Klebsiella variicola (Kv137) and Kosakonia sacchari (Ks6) parent strains, previously identified as robust maize root colonizers26,27, were engineered through non-transgenic methods to enhance their BNF activity under N-rich conditions, resulting in modified strains Kv137-2253 and Ks6-5687. The engineering involved editing the nifLA operon to boost nitrogenase protein activity and editing the glnD and glnE genes to facilitate the extracellular release of NH4 (Fig. 1b-c). The rationale and details behind the gene edits are provided in the supplemental information (supplemental text S1).
A modified version of the acetylene reduction assay (ARA) described by ref.27 was used to measure nitrogenase activity in pure culture conditions. Strains were cultured from single colonies into 5 mL of super-optimized broth (SOB) for 24 h (30 °C, aerobic). The growth culture (1 mL) was then added to 25 mL of minimal media supplemented with 10 mM glutamine and grown for 24 h (30 °C, aerobic). The growth culture (0.6 mL) was then added to 2.4 mL of minimal media or 2.4 mL of minimal media supplemented with 10 mM NH4Cl in airtight culture tubes prepared in an anaerobic chamber and grown for 4 h (30 °C, anaerobic). A headspace of 10% was replaced by an equal volume of acetylene, and incubation continued for an additional hour. A gas-tight syringe was used to remove 2 mL of headspace in preparation for ethylene production quantification using an Agilent 7890B gas chromatograph equipped with a flame ionization detector. The initial culture biomass was compared to the end biomass by measuring optical density at 590 nm (OD590). The change in biomass and ethylene concentration was used to calculate mmol ethylene OD-1, a proxy for BNF. To establish a negative control, we knocked out the central nitrogenase subunit nifH, deleting the entirety of the nifH gene in the background of both remodeled strains (Ks6-7023 and Kv137-7036). The absence of BNF in the nifH gene knockout (nif-KO) strains was confirmed via ARA prior to use as a negative control. BNF in strains of the same wildtype lineage was compared using a one-way ANOVA and post-hoc Tukey test across four replicate experiments. Treatments with a substantial number of measurements below the detection limit of the assay were excluded from the analysis.

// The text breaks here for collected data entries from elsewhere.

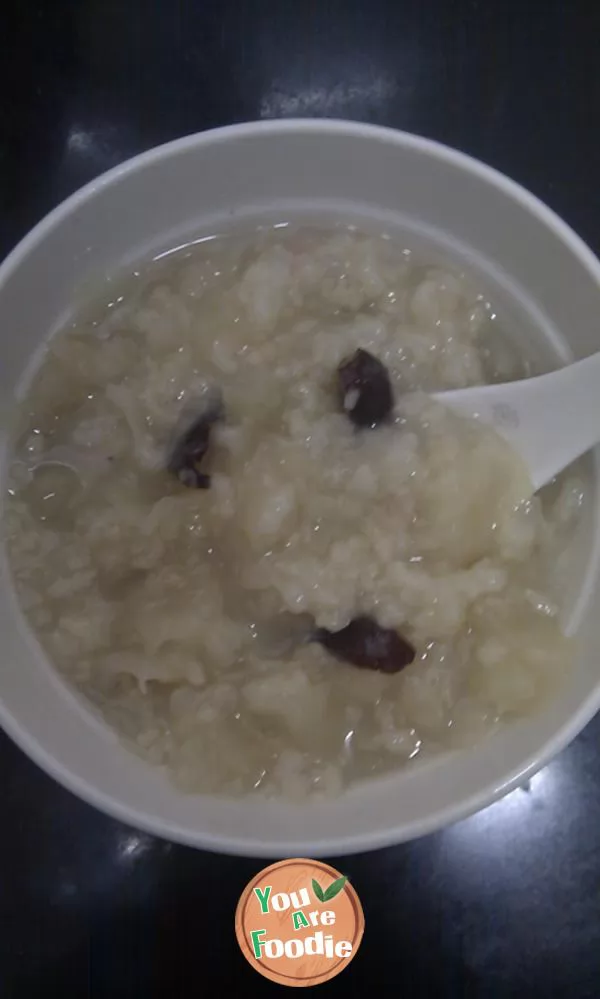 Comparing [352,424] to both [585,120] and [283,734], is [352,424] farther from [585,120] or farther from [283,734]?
[585,120]

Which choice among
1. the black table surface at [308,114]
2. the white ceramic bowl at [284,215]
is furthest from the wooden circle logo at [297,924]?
the white ceramic bowl at [284,215]

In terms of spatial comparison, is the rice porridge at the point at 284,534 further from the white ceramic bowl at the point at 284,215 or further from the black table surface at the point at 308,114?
the black table surface at the point at 308,114

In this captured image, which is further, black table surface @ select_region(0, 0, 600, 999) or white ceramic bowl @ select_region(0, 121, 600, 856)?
black table surface @ select_region(0, 0, 600, 999)

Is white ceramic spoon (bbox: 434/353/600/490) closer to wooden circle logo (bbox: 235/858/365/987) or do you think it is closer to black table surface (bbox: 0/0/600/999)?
black table surface (bbox: 0/0/600/999)

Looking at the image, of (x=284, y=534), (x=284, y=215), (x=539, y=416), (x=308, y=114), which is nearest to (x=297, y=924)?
(x=284, y=534)

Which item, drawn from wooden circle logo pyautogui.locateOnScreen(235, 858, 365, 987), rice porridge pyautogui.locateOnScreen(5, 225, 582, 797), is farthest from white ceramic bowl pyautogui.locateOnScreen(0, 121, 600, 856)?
wooden circle logo pyautogui.locateOnScreen(235, 858, 365, 987)

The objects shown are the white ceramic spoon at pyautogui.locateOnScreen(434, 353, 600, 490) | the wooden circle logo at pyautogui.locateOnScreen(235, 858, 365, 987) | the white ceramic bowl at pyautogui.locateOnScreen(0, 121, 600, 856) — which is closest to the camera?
the white ceramic bowl at pyautogui.locateOnScreen(0, 121, 600, 856) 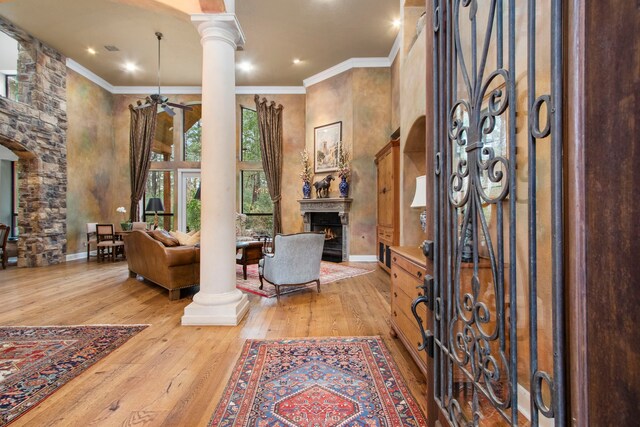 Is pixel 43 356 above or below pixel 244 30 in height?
below

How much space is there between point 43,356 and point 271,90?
23.1 feet

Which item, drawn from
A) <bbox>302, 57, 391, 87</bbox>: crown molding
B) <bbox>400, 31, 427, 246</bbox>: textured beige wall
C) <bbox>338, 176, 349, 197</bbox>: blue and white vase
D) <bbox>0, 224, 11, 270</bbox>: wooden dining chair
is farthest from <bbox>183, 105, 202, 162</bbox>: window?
<bbox>400, 31, 427, 246</bbox>: textured beige wall

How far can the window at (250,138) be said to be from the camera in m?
7.98

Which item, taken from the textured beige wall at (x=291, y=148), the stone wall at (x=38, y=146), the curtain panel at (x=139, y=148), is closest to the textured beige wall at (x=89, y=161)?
the stone wall at (x=38, y=146)

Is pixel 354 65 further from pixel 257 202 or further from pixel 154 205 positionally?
pixel 154 205

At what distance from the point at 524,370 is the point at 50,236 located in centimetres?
800

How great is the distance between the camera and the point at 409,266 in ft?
6.99

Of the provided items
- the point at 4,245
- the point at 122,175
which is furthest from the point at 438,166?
the point at 122,175

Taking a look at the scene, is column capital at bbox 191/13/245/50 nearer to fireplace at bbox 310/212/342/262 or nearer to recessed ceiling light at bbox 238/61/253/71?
recessed ceiling light at bbox 238/61/253/71

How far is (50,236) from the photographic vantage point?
20.0 feet

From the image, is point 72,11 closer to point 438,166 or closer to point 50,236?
point 50,236

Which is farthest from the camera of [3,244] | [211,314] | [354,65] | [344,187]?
[354,65]

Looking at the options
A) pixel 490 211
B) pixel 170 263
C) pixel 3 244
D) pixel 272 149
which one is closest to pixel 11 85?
pixel 3 244

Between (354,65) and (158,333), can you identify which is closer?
(158,333) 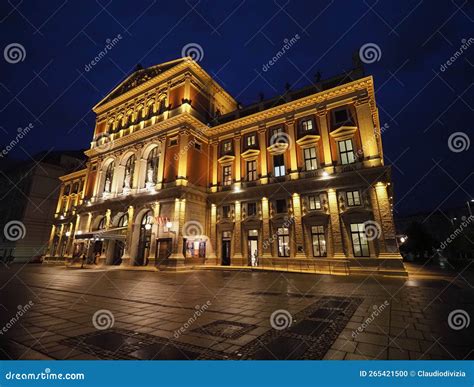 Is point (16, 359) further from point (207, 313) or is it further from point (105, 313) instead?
point (207, 313)

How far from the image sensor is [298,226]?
18.7 metres

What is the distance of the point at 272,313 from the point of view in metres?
5.57

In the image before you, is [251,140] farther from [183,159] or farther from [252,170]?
[183,159]

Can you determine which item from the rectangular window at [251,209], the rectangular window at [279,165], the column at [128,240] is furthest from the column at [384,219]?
the column at [128,240]

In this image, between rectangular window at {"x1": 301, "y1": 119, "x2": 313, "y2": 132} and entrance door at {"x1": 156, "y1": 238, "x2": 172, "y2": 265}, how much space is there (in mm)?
14986

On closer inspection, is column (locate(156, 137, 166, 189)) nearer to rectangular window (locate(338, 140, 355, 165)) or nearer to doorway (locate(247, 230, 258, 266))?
doorway (locate(247, 230, 258, 266))

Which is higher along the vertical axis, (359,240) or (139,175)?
(139,175)

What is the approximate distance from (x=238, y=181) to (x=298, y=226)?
23.8 feet

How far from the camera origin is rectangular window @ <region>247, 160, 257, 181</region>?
74.1ft

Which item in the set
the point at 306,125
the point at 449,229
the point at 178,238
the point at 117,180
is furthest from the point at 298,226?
the point at 449,229

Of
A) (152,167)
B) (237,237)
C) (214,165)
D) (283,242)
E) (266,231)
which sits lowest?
(283,242)

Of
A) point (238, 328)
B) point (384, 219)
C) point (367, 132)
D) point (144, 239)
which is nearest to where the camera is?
point (238, 328)

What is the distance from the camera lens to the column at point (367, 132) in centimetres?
1698

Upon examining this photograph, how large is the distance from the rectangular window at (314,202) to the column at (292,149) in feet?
7.33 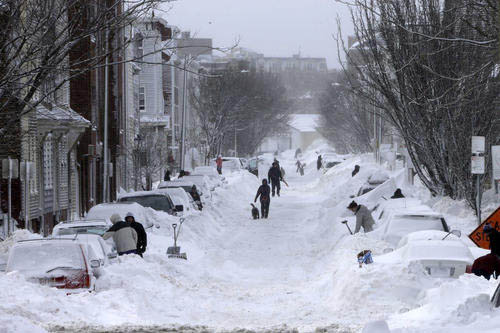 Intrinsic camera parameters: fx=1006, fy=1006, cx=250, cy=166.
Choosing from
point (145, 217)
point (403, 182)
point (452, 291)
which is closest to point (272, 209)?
point (403, 182)

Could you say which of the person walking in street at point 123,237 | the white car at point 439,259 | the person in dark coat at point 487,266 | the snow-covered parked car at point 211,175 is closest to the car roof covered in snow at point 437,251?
the white car at point 439,259

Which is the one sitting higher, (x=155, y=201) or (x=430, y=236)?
(x=430, y=236)

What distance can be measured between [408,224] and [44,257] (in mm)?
8172

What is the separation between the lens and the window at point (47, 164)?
3510cm

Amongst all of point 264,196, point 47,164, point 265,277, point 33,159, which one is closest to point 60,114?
point 33,159

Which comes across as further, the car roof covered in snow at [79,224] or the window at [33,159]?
the window at [33,159]

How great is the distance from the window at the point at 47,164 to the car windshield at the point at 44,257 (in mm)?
19275

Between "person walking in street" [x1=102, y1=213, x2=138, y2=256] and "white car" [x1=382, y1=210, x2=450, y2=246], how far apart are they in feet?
16.7

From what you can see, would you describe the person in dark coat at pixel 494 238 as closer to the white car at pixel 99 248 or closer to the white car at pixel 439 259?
the white car at pixel 439 259

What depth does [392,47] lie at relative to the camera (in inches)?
1129

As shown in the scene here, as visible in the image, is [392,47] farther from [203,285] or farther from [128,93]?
[128,93]

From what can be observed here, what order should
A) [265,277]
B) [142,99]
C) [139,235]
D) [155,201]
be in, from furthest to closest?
[142,99], [155,201], [265,277], [139,235]

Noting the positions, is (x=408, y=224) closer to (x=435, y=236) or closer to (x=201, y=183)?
(x=435, y=236)

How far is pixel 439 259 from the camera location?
1536 cm
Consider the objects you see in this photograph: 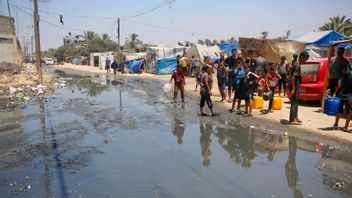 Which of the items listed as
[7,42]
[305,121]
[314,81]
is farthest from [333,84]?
[7,42]

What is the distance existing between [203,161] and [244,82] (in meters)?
4.39

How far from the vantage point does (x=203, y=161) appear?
5906 millimetres

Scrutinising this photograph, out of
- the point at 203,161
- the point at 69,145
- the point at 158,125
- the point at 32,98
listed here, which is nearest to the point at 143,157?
the point at 203,161

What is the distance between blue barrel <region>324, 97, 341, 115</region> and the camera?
9.09 m

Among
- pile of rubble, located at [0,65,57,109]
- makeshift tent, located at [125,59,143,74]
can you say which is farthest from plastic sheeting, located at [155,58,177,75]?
pile of rubble, located at [0,65,57,109]

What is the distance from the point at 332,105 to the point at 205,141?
13.5ft

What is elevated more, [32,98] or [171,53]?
[171,53]

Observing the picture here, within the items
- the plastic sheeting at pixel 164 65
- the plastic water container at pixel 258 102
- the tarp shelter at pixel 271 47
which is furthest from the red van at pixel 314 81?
the plastic sheeting at pixel 164 65

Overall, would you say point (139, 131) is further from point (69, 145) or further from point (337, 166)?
point (337, 166)

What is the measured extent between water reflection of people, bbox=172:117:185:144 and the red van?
4439 mm

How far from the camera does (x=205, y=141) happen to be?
23.9ft

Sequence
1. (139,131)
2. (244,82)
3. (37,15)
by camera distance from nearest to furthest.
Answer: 1. (139,131)
2. (244,82)
3. (37,15)

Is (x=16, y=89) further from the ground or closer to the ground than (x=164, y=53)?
closer to the ground

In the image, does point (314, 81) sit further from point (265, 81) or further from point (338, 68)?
point (338, 68) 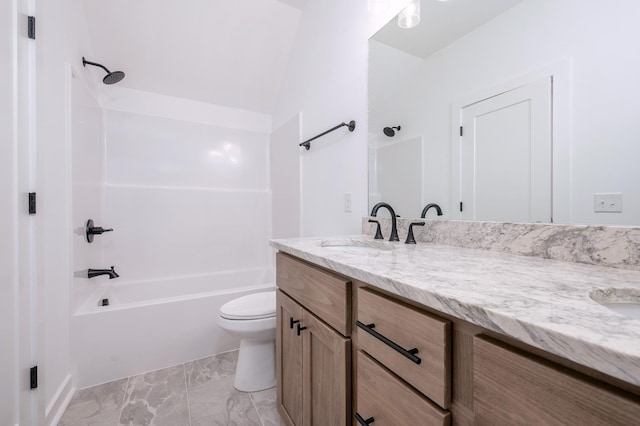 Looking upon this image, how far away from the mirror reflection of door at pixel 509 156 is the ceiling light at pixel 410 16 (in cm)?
56

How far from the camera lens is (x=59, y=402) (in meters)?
1.40

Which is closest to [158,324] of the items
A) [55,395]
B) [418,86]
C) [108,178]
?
[55,395]

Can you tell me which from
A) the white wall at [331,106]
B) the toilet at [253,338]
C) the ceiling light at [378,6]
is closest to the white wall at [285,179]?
the white wall at [331,106]

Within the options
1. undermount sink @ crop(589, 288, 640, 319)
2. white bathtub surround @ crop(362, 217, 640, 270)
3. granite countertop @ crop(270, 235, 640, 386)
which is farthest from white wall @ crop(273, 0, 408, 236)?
undermount sink @ crop(589, 288, 640, 319)

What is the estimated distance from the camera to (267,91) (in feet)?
9.21

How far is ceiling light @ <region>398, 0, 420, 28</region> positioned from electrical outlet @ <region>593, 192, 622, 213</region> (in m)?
1.07

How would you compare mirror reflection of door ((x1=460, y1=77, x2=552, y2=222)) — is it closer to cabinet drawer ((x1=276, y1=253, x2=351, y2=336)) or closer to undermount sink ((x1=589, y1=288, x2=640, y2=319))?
undermount sink ((x1=589, y1=288, x2=640, y2=319))

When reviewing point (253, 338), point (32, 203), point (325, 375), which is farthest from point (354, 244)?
point (32, 203)

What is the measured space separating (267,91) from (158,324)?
2.23 m

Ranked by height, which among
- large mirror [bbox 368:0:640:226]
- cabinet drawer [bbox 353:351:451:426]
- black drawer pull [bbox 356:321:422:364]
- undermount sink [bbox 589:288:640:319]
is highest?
large mirror [bbox 368:0:640:226]

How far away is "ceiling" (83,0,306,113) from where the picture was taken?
2.04m

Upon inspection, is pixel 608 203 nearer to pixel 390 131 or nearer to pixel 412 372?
pixel 412 372

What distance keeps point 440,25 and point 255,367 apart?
1.97 m

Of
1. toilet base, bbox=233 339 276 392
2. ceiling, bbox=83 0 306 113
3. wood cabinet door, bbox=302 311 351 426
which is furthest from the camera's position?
ceiling, bbox=83 0 306 113
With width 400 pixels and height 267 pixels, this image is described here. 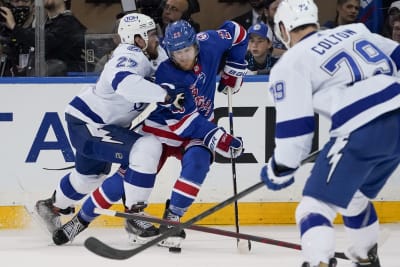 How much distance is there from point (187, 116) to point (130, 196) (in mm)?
483

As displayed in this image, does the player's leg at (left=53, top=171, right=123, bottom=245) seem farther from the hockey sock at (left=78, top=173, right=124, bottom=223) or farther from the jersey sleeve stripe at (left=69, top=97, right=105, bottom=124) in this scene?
the jersey sleeve stripe at (left=69, top=97, right=105, bottom=124)

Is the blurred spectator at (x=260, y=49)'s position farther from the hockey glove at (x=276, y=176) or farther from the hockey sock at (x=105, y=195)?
the hockey glove at (x=276, y=176)

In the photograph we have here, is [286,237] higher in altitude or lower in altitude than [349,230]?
lower

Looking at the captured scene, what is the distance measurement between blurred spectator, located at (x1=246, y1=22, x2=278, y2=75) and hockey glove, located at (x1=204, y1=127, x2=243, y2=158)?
99cm

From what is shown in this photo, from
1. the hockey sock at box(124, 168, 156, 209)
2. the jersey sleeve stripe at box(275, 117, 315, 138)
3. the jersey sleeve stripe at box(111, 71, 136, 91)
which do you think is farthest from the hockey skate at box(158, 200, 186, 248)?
the jersey sleeve stripe at box(275, 117, 315, 138)

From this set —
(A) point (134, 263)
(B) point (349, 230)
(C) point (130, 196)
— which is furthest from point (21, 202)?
(B) point (349, 230)

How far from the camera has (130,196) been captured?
554cm

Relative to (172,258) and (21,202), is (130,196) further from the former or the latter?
(21,202)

The ammonium excretion assay measures the excretion of fixed N in the form of ammonium using batch cultures in DeepWell plates. Strains were propagated from a single colony in 1 mL well-1 SOB in a 96-well DeepWell plate. The plate was incubated for 24 h (30 °C, 200 rpm) and then diluted 1:24 into a fresh plate containing 1.15 mL well-1 of minimal media containing 10 mM glutamine. Cells were incubated for 24 h (30 °C, 200 rpm) and then diluted 1:10 into a fresh plate containing minimal medium without glutamine. The plate was transferred to an anaerobic chamber (Coy Laboratory Products, Inc. Grass Lake, MI, U.S.) with a gas mixture of > 98.5% N, 1.2–1.5% hydrogen, and < 30 ppm oxygen and incubated at 1320 rpm at room temperature for 72 h. The initial culture biomass was compared to the end biomass by measuring OD590. Cells were then separated by centrifugation. The supernatant from the reactor broth was assayed for free ammonium using the Megazyme Ammonia Assay Kit (NEOGEN Corp., Lansing, MI, U.S.) and normalized to biomass at each time point to calculate mmol NH4+ OD-1. The experiment was replicated eight times. After removing measurements below the assay’s detection limit, the ammonium excretion of remodeled strains of the same wildtype lineage was compared using a two-tailed t-test with log-transformed measurements to correct for heteroskedasticity between treatments.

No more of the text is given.